The map $S^2 \to S^2$ is given in spherical coordinates as follows:

$$x = \cos(\phi)\cos(\psi),\ y = \cos(\phi)\sin(\psi),\ z = \sin(\phi).$$

$(\phi,\ \psi) \mapsto (n\phi,\ m\psi)$.

What is the degree of this mapping? Is it true that this mapping is indeterminate at the poles for even $m$? For odd $m$ from the geometric definition, i get the answer $m \cdot n$, so in every regular point displays exactly as many points and the function preserves the orientation in each of them.

But I have absolutely no idea how to use the definition through fundamental classes and even what is the fundamental class of a sphere.

I would be happy with any help or explanations.

Answer 1

The definition through fundamental classes is hardly ever useful when you have actual equations at hand. It is rather abstract.

On the other hand, when you have equations like these, what you can do is pick an arbitrary point $P$ on the sphere and ask yourself:

1. How many preimages does $P$ have?
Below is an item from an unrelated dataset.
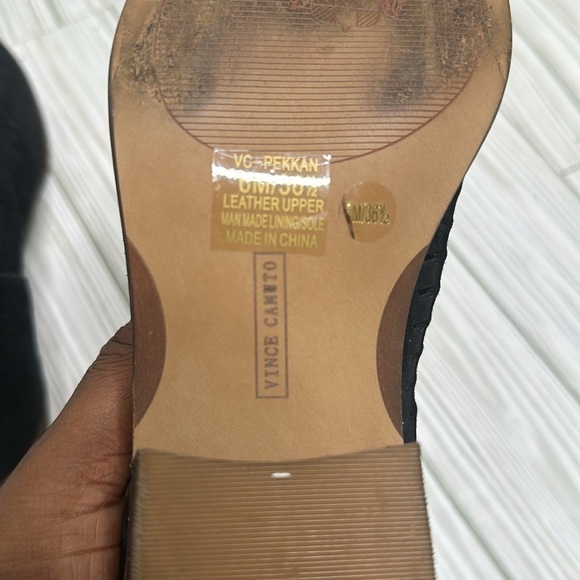 Vince Camuto Black Shoes Perforated Upper Leather Zip Ankle Booties Suede Size 6 - Picture 9 of 11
Make a list.
2. Call these preimages $P_1, \ldots P_k$. Is $f$ a local homeomorphism near each of the $P_i$? If your initial point is arbitrary enough the answer should always be yes.
3. If the answer is yes, then the final blow: does $f$ respect or on the contrary does it reverse the orientation near $P_i$? The answer may be different for each $P_i$.
4. Count $+1$ for each $P_i$ where the orientation is preserved, and $-1$ where it is reversed. The sum of all these signs is your degree!

Intuitively, the degree is how many times you wrap your domain sphere around your codomain sphere. When the orientation is reversed you wrap in the wrong way, hence the $-1$.